For election law lawyers, it is a message that the so-called “Purcell principle” — referring to an earlier Supreme Court election law case — remains in effect. The Purcell principle is, as law professor Rick Hasen explains it, “the idea that courts should not issue orders which change election rules in the period just before the election.” Such late changes in the way elections are carried out are disfavored because they risk causing confusion to voters, candidates, election law administrators, and courts.

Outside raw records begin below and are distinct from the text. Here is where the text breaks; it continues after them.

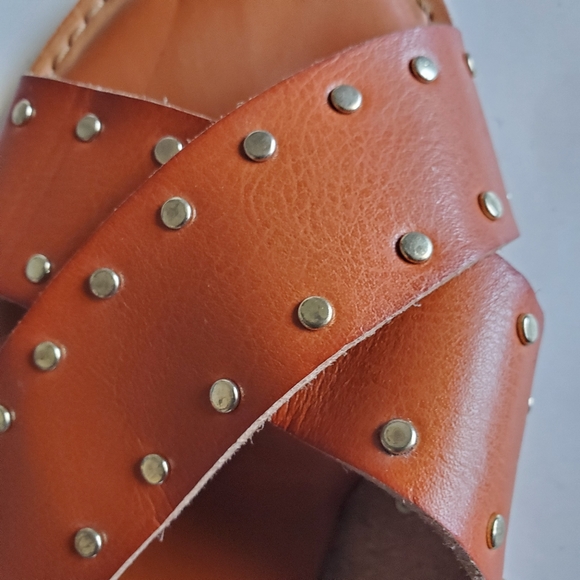 Rock & Candy by ZiGi Women's Cute Studded Sandals Flats Size, Brown, 8.5 - Picture 3 of 6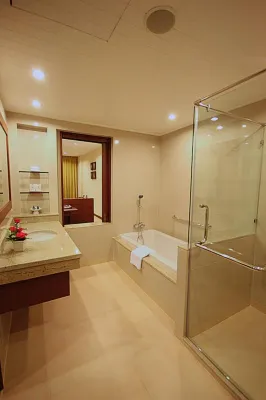 The Heritage Pattaya Beach Resort Zimmer Photos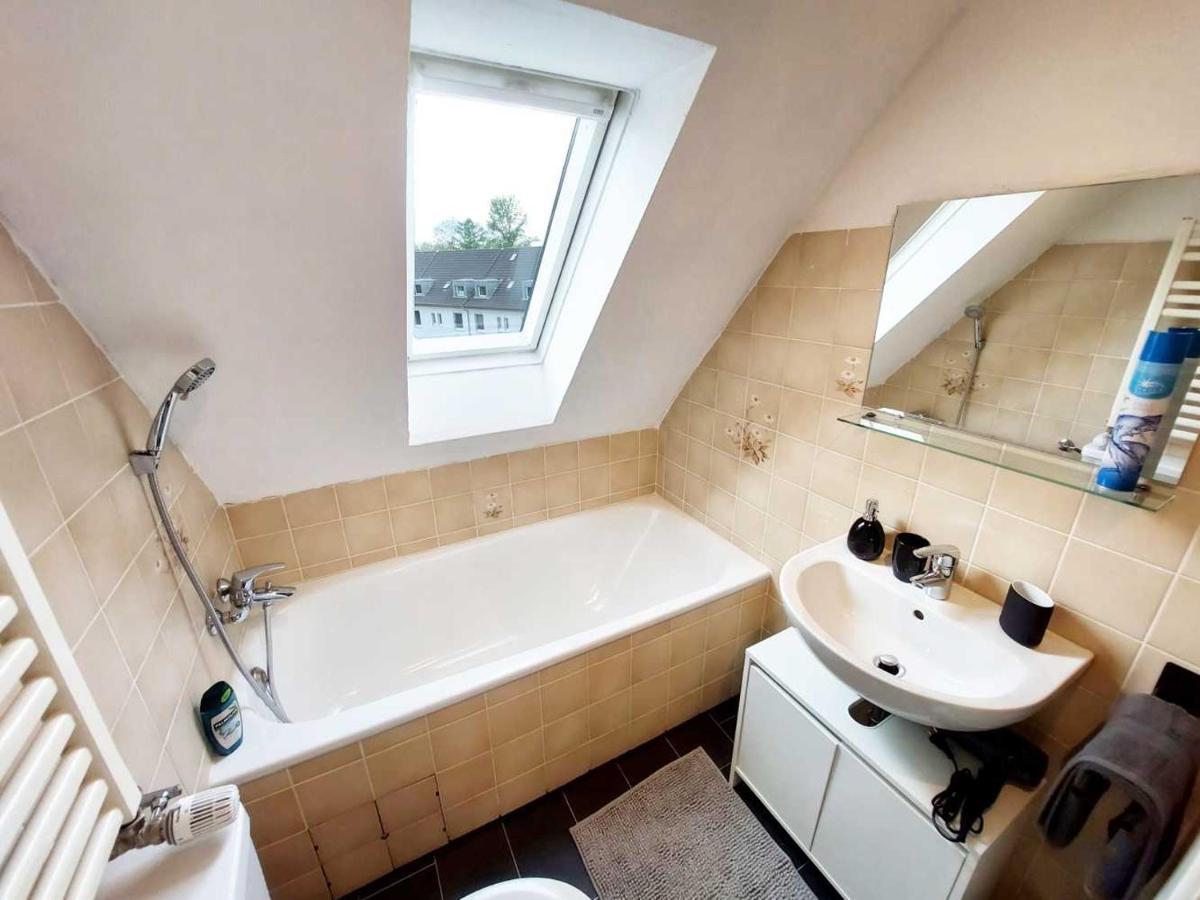 Cozy Apartment With Garden In Gelsenkirchen Bagian luar foto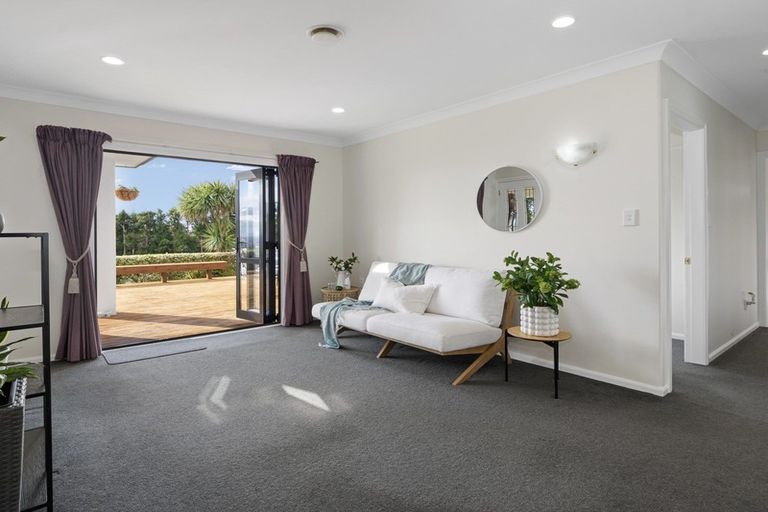 Photo of property in 32 Roger Guy Place, Welcome Bay, Tauranga, 3175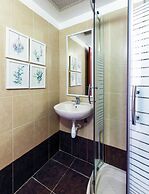 New - Trendy One Bedroom Apt, Most Popular Area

The spirit motivating the Purcell principle became abundantly clear on Saturday after the Supreme Court issued its order, when people immediately began asking what would happen to ballots that were collected in between the 9th Circuit’s Friday order and the Supreme Court’s Saturday order, or what would happen to ballots collected after the 9th Circuit’s order but not yet submitted by the time of the Supreme Court’s order. The Arizona Secretary of State quickly attempted to stop any confusion on that point, announcing that ballots collected during the period when the law was enjoined could be submitted on Monday and will be counted.
To the larger point, though, the fact that Saturday’s Supreme Court order came with no written dissent and came so soon — within three hours — after the Democrats filed their brief supporting the 9th Circuit’s injunction made clear that, at least on this point of stopping late election law challenges, the eight justices are willing to present a united front.